The court, however, rejected publisher Takashi Asai's demand for government compensation of $20,370, Ando said. Asai, of Uplink publishers, had been fighting a 1999 confiscation of the book and his voluntary 2000 suspension of its sales after police warnings.
Mapplethorpe died of AIDS at age 42 in March 1989, but his images, including human bodies, sex and nudity, have remained controversial. High-profile opposition forced the cancellation of an exhibition of his work in Washington in 1989.
In Tuesday's ruling, Justice Kohei Nasu said the book of black-and-white portraits "compiles works from the artistic point of view, and is not obscene as a whole," the national Yomiuri newspaper reported.
The decision, a majority opinion of the five-judge bench, also recognized Mapplethorpe as "an artist who has won high appreciation as a leading figure in contemporary art," Kyodo News agency reported.
Asai called the ruling "groundbreaking" and said it "could change the obscenity standard" used for banning foreign films that show nudity and censoring photographs in books.
Asai had sold about 900 copies the Japanese version of "Mapplethorpe," which was originally published by Random House, in Japan starting in 1994 without objection from authorities.

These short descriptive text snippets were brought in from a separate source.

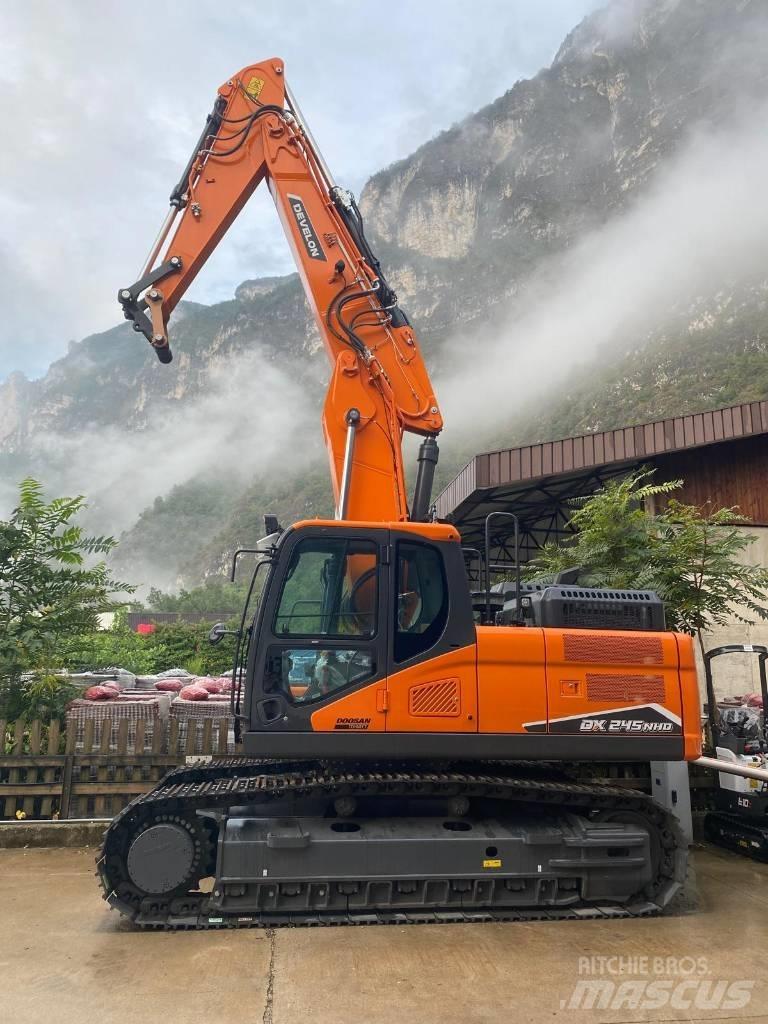 Develon DX 245 NHD-7 Excavatoare pe șenile
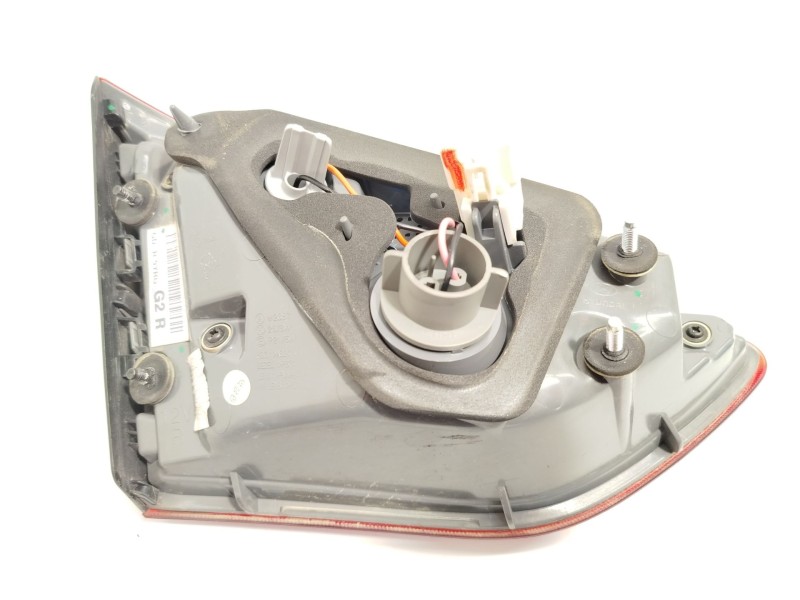 Recambio de piloto trasero derecho interior para hyundai i30 (gd) 1.4 referencia OEM IAM 92404A5010  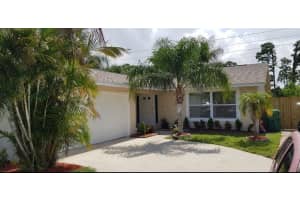 207 Canterbury Dr W, Riviera Beach, FL 33407, Sold 01/22/20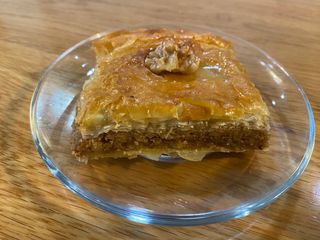 Baklawa de nueces y miel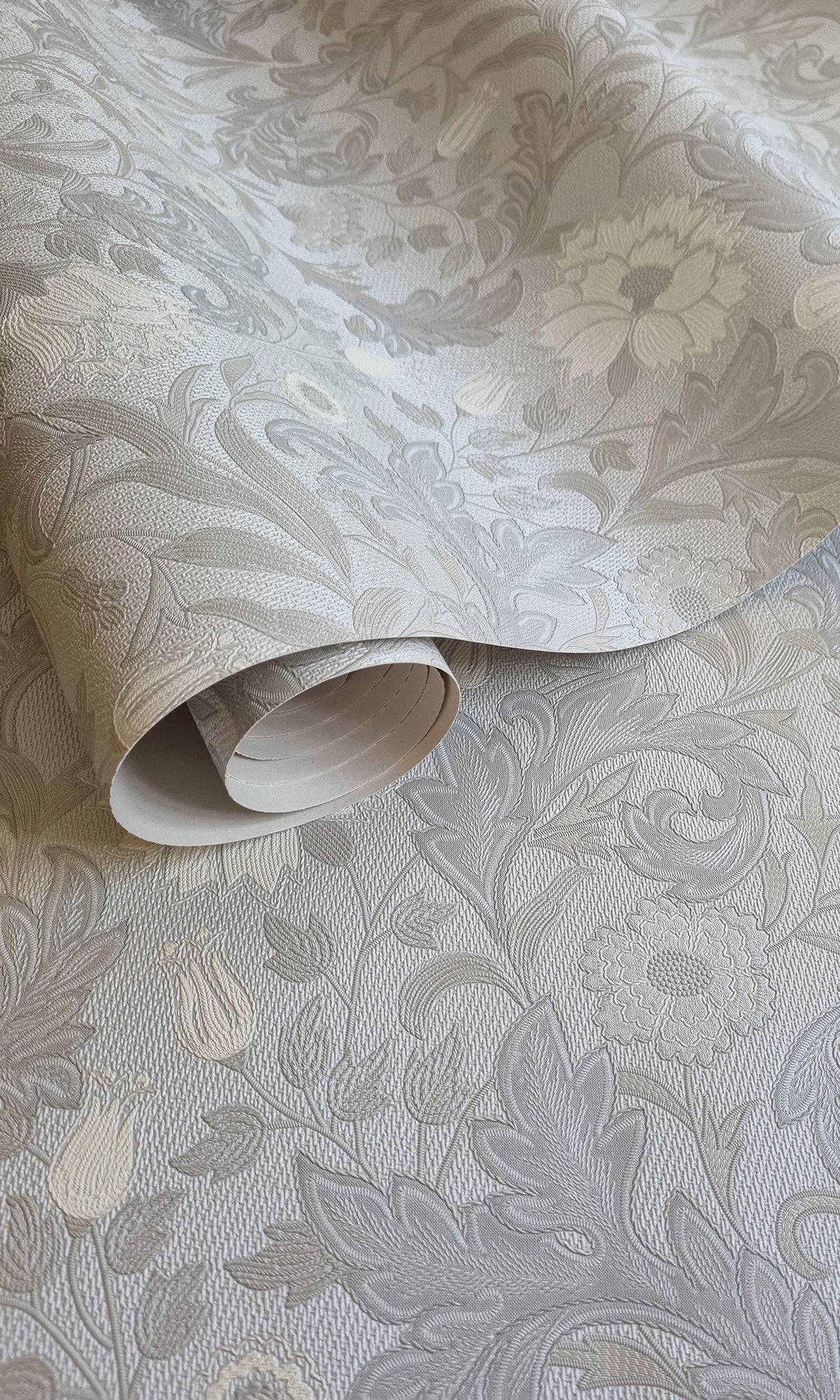 Blue Elegant Floral Trail Print Wallpaper R9525 - Peel and Stick Removable Wallpaper for Bedroom, Living Room, Nursery Decor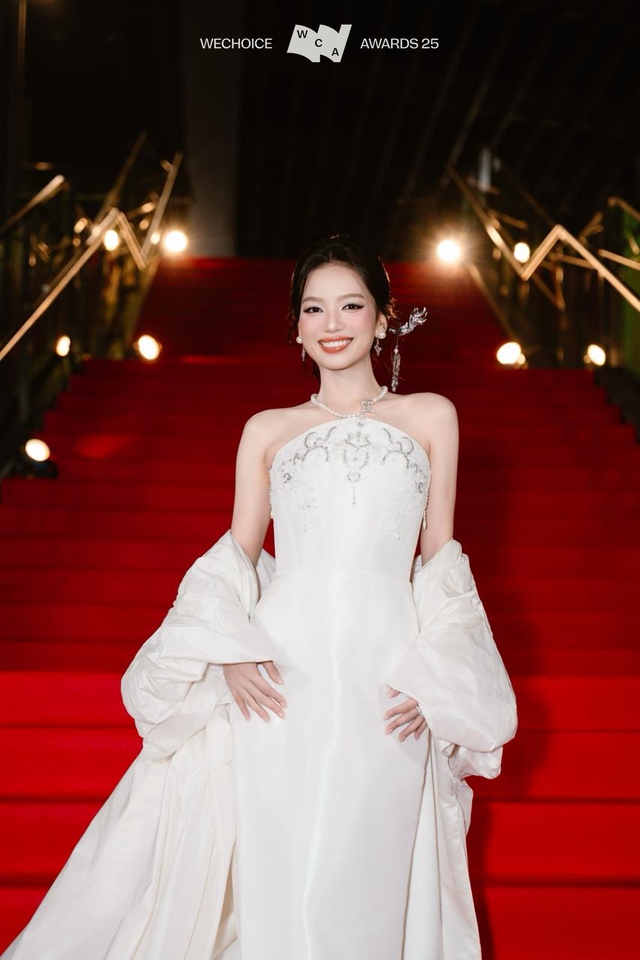 Dàn sao Mưa Đỏ khoe visual cháy khét trên thảm đỏ WeChoice Awards 2025, Steven Nguyễn chấp hết mọi cam thường- Ảnh 6.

But airport customs officials in Japan confiscated a copy he had with him when he returned from a trip to the U.S. in 1999. The 384-page book contained 20 close-up photos of male genitalia, and authorities considered it obscene.
Asai said he suspended sales of the Japanese edition in May 2000 after Tokyo Metropolitan Police summoned him and gave him a warning.
In 2002 he won a case in Tokyo District Court and the government was ordered to return the confiscated copy of the book and pay $6,480 in damages. But the high court overturned that ruling a year later.